| Feature importance is not quite the same as interpretability. Random Forests can give feature importance, but that does not account for interactions between features. So, in the end, you don't know how a model made a decision (it could be because there is a feature with high importance, but it could also be because there is an informative interaction between lower importance features). If you want to compare deep learning with linear models, you should leave image data out of it. Compare them on structured data and bag of words. MLP's and boosted decision trees, in my experience, definitely beat decision tree and linear models, on structured data. But they lack longterm robustness (complex forecasting models need constant retraining, which can hamper their adoption by business units) and don't pass regulation (it is not enough to say "has_asthma" is a high-importance feature). In finance and health care, interpretability is enormously valued. It is a constant trade-off between accuracy and interpretability. A long time ago, Caruana made hospital triage models, with neural networks being the clear winner in generalization performance. Instead, they opted for a simple logistic regression when productionizing. Why? > [...] patients with pneumonia who have a history of asthma have lower risk of dying from pneumonia than the general population. Needless to say, this rule is counterintuitive. But it reflected a true pattern in the training data: patients with a history of asthma who presented with pneumonia usually were admitted not only to the hospital but directly to the ICU (Intensive Care Unit). The good news is that the aggressive care received by asthmatic pneumonia patients was so effective that it lowered their risk of dying from pneumonia compared to the general population.

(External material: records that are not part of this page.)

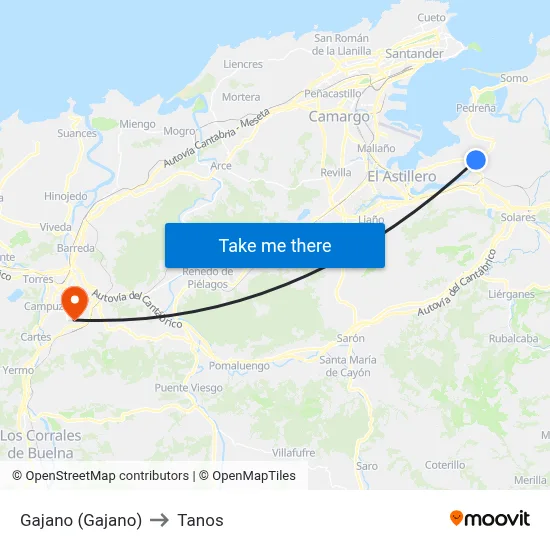 Gajano (Gajano) to Tanos map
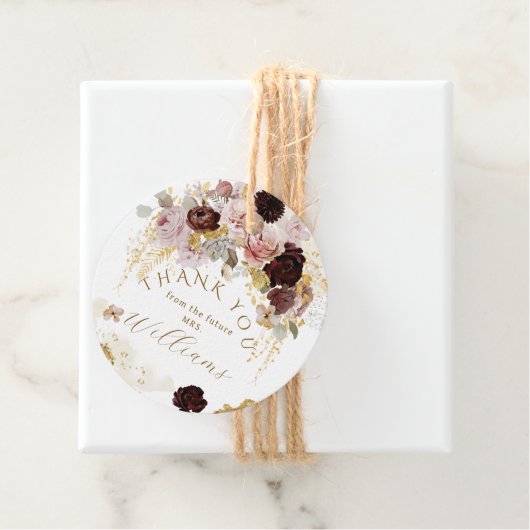 Herfst Wilde Bloem Goud Bloem Bruids Bruiloft Bedankjes Labels (In situ)
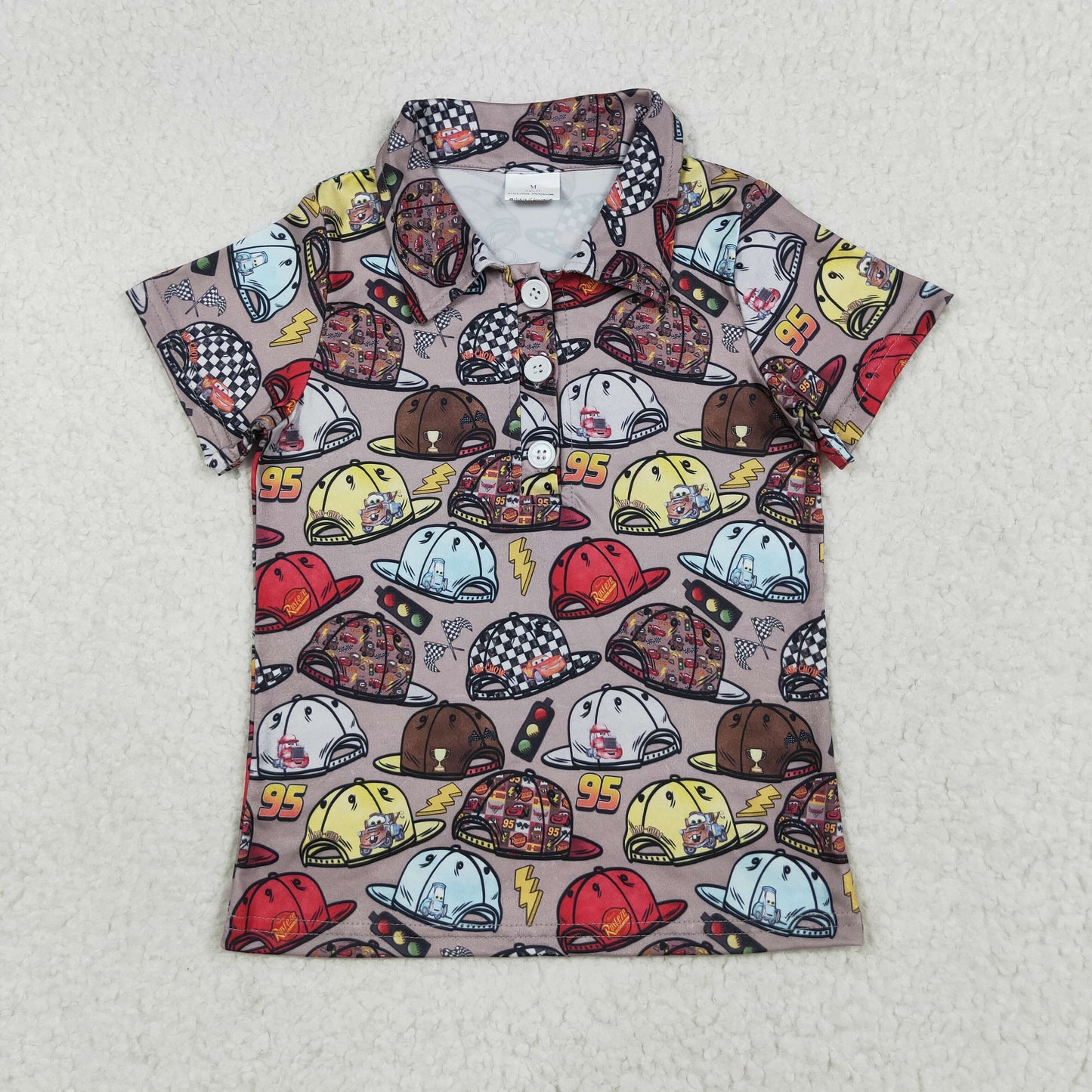 BT1228 Baby Boys Brown Short Sleeves Button Cartoon Hats Polo Shirts Top 7.11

The bad news is that because the prognosis for these patients is better than average, models trained on the data incorrectly learn that asthma lowers risk, when in fact asthmatics have much higher risk (if not hospitalized). http://people.dbmi.columbia.edu/noemie/papers/15kdd.pdf Though there is nothing holding you back from using both simple linear, and complex non-linear models at the same time: Only when the models severely disagree do you pick the interpretable model. Or use the linear model to find data issues, like those mentioned above, that are tremendously obscured (if not impossible to identify) when only using deep learning in a train-test framework. |
So what they wanted to know is the POD|"No hospital" but they clearly collected data about POD|"Hospital" (since it included ICU admission, etc).
The problem is they measured the wrong thing and then misinterpreted their results. Worse, it looks like the study was designed to be this way!